Praise for President Bush for ending the U.S. Persian Gulf War at 100 hours. 

·        “The United Nations achieved its goal of forcing Iraqi troops out of Kuwait.”

·        “Fulfilling the major UN goal of liberating Kuwait.” 

·        “Humaneness in not killing fleeing, defenseless Iraqi troops.”

·        “Decisive leadership at home and abroad.”

·        “Protecting vital U.S. oil interests” (Shank, p.234).


Criticism of President Bush for ending the U.S. Persian Gulf War at 100 hours

·        “Leaving Saddam in power and his WMD (weapons of mass destruction) intact.”

·        “Not destroying the Republican Guard.”

·        “Urging the Kurds and Shiites to topple the Iraqi dictator without giving them

·          support.”

·        “Ending the war at 100 hours left many loose ends” (Shank, p.234).

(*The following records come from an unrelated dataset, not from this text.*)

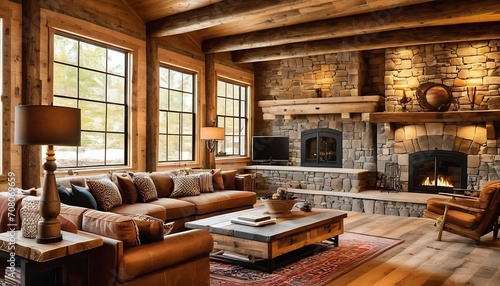 rustic living room with fireplace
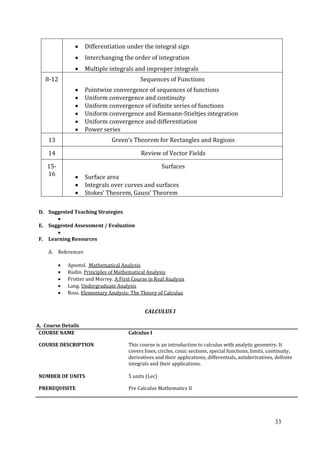 33
Differentiation under the integral sign
Interchanging the order of integration
Multiple integrals and improper integrals
8-12 Sequences of Functions
Pointwise convergence of sequences of functions
Uniform convergence and continuity
Uniform convergence of infinite series of functions
Uniform convergence and Riemann-Stieltjes integration
Uniform convergence and differentiation
Power series
13 Green’s Theorem for Rectangles and Regions
14 Review of Vector Fields
15-
16
Surfaces
Surface area
Integrals over curves and surfaces
Stokes’ Theorem, Gauss’ Theorem
D. Suggested Teaching Strategies
E. Suggested Assessment / Evaluation
F. Learning Resources
A. References
Apostol. Mathematical Analysis
Rudin. Principles of Mathematical Analysis
Protter and Morrey. A First Course in Real Analysis
Lang. Undergraduate Analysis
Ross. Elementary Analysis: The Theory of Calculus
CALCULUS I
A. Course Details
COURSE NAME Calculus I
COURSE DESCRIPTION This course is an introduction to calculus with analytic geometry. It
covers lines, circles, conic sections, special functions, limits, continuity,
derivatives and their applications, differentials, antiderivatives, definite
integrals and their applications.
NUMBER OF UNITS 5 units (Lec)
PREREQUISITE Pre Calculus Mathematics II
 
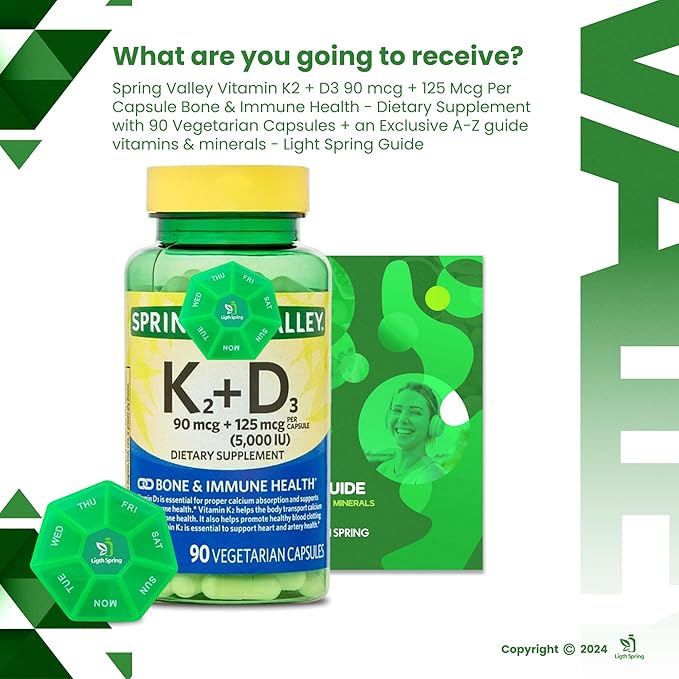 Vitamin K2 (90mcg) + D3 (125mcg) Vegetarian Capsules, 90 Count with Bundle Exclusive Vitamins & Minerals - A to Z - Better Ligth&Spring Guide + Weekly Pill Organizer (3 Items)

J.  Evolution of Presidential War Powers:  President Clinton


In 1993, Congress demanded withdrawal of U.S. peacekeeping force in Somalia following rebel attacks on U.S. troops and the downing of two U.S. helicopters.  After eighteen U.S. Army Rangers were killed, Congress approved a deadline to return the troops.  Clinton returned U.S. troops within six months and in 1994 the presence of U.S. military in Somalia ended.  In 1994, Clinton ordered military planes to transport troops to Haiti to restore President Jean-Bertrand Aristide to office.  U.S. troops arrived as peacekeeping rather than military force.  Clinton deployed armed forces in the U.S. led NATO to intervene military in Kosovo.  In April 1999, the House voted to require President Clinton to obtain Congressional approval before sending troops, but refused to support NATO air strikes.  The House also rejected the resolution to declare war against Yugoslavia.  The Senate had earlier approved NATO air strikes, but postponed action on resolution to give Clinton all authority to win the war against Serbian repression in Kosovo.


J1.  In 1993, where was U.S. troops sent to keep peace?

J2.  Why did Congress demand the withdrawal of U.S. peacekeeping force?

J3.  Which American president sent troops to Somalia and Haiti?

J4.  What country did Clinton deploy armed forces as military intervention?

J5.  What did the House refuse to support President Clinton?

J6.  The House refused to declare war against what country?